Researchers from the University of Connecticut describe a ripple effect between couples: when one makes an effort to lose weight, the chances are, the other will shed pounds too, even if he or she does not actively participate in a weight loss program. Couples were defined as two people cohabitating regardless of marital status.

In the study, 130 couples were randomized into two groups. In one group, the individual that was trying to lose weight enrolled in a structured six-month weight loss program (Weight Watchers) and in the second group, one of the couple only received a four-page handout with information on healthy eating, exercise, and weight control strategies. The study was funded by Weight Watchers International. The dieting member of the couple started out with a body mass index (BMI) of between 27 and 40. The other member of the couple had a BMI of at least 25.

After six months, about one-third of the partners who were not part of any deliberate weight loss effort, still lost 3 percent or more of their initial body weight. The study also found that if the dieting partner lost weight at a steady pace, or if he or she struggled, their partner also struggled.

"When one person changes their behavior, the people around them change," says study author Amy Gorin, associate professor in psychological services at the University of Connecticut. "Whether the patient works with their healthcare provider, joins a community-based, lifestyle approach like Weight Watchers, or tries to lose weight on their own, their new healthy behaviors can benefit others in their lives."

After six months, participants in the Weight Watchers program lost an average of 9.5 pounds while those who tried to lose weight on their own lost nearly 7 pounds. The non-dieting spouses – no matter which group their partner had been assigned to – lost an average of three pounds at month three, and four and a half pounds at month six.

When researchers compared their findings to the broader ripple effect reported in previous studies, the mean weight loss observed among non-dieting spouses was consistent with the 2 percent to 3 percent weight loss observed in untreated spouses of individuals undergoing bariatric surgery or participating in lifestyle-based programs at academic medical centers.

Researchers wrote, “Given these similarities in ripple effects across a wide variety of intervention methods, it may be that some form of treated participation by spouses is needed to achieve consistent weight losses greater than 2% to 3%.”

Previous studies have found that spouses often enter marriage at a similar weight status and mirror each other's weight trajectories over time. In a landmark study published in the
New England Journal of Medicine
in 2007, researchers found a person’s chances of developing obesity increased by 57 percent if even a friend had developed obesity.

Family members of patients who have undergone surgery for weight loss may also shed several pounds themselves, as well as eat healthier and exercise more, according to a
2011 study by researchers at Stanford University School of Medicine.

A year after the 35 patients in the study had Roux-en-Y gastric bypass surgery, their adult family members with obesity participating in the study lost an average of eight pounds.
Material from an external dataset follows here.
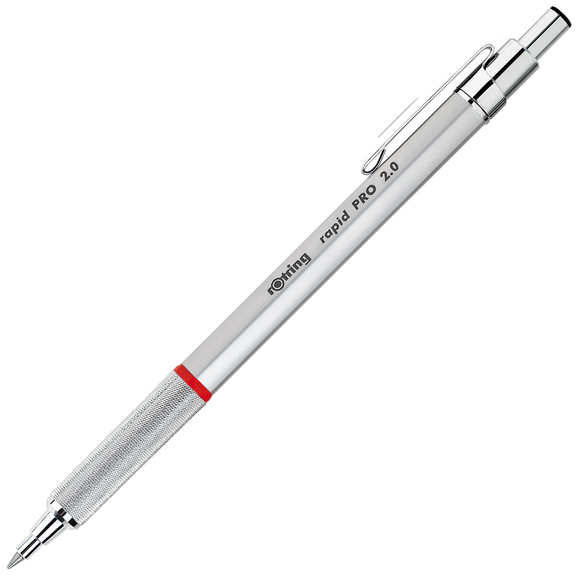 Rotring Rapid Pro Versatil Kalem 2.0 mm Krom 1904259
In addition, researchers said many of the children in these families appeared to benefit through their close association with the patient -- they exhibited a lower BMI than would have been expected given their growth curve.

“Family members were able to lose weight comparable to being part of a medically controlled diet simply by accompanying the bariatric surgery patient to their pre- and post-operative visits,” said senior author John M. Morton, MD, MPH, past-president of the ASMBS and chief, Bariatric and Minimally Invasive Surgery, Stanford School of Medicine, in a news release at the time.